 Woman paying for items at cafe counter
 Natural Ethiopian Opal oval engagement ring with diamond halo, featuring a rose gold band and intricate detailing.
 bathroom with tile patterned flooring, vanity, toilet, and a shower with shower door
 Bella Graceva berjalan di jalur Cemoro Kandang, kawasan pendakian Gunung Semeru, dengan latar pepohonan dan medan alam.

--

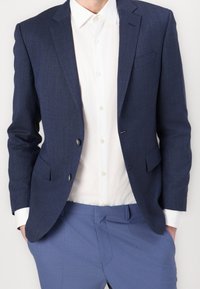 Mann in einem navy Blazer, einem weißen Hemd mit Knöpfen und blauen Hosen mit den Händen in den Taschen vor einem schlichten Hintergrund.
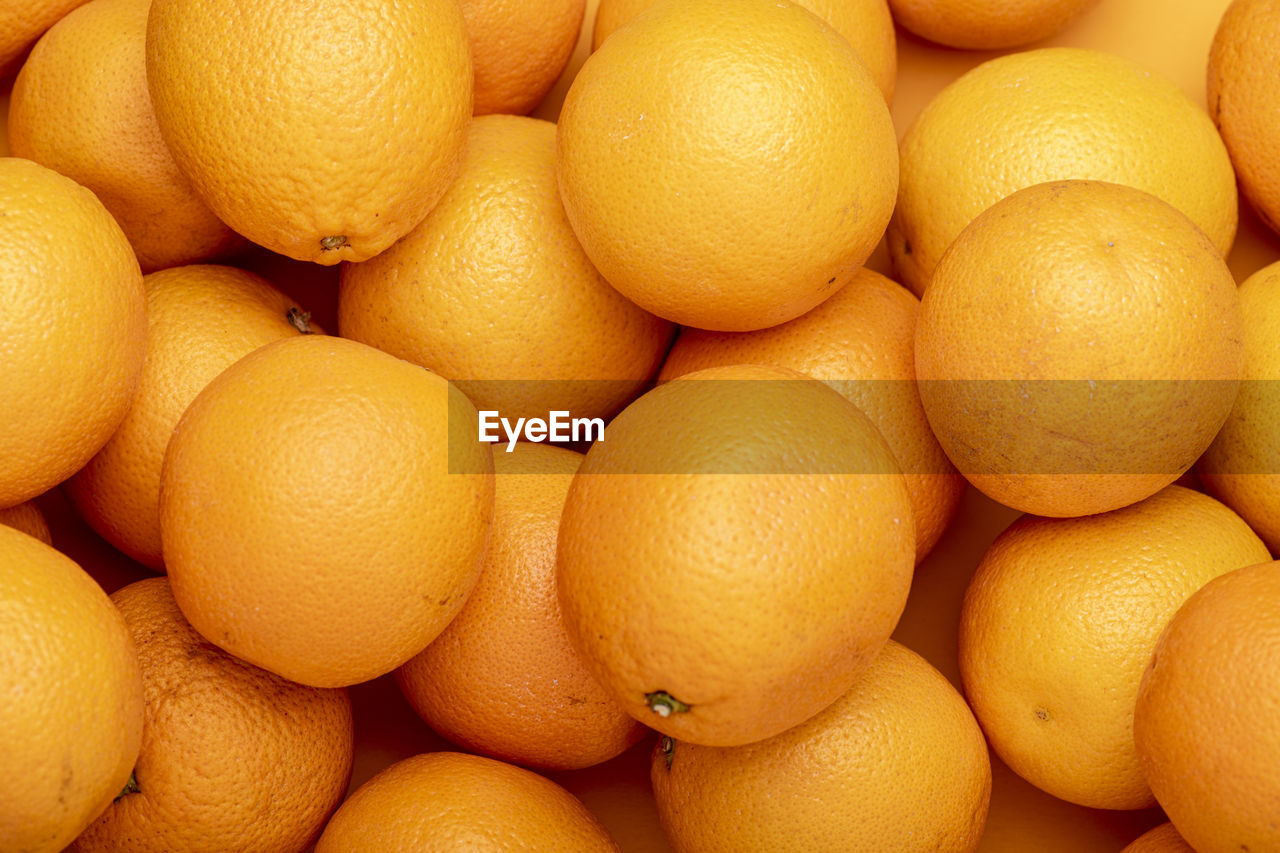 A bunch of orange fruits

Directions for this task: Above are the records; from them, give again exactly the lines from the one containing "Woman paying for items at cafe counter" through the one containing "Bella Graceva berjalan", both included.

Answer to the exercise:
 Woman paying for items at cafe counter
 Natural Ethiopian Opal oval engagement ring with diamond halo, featuring a rose gold band and intricate detailing.
 bathroom with tile patterned flooring, vanity, toilet, and a shower with shower door
 Bella Graceva berjalan di jalur Cemoro Kandang, kawasan pendakian Gunung Semeru, dengan latar pepohonan dan medan alam.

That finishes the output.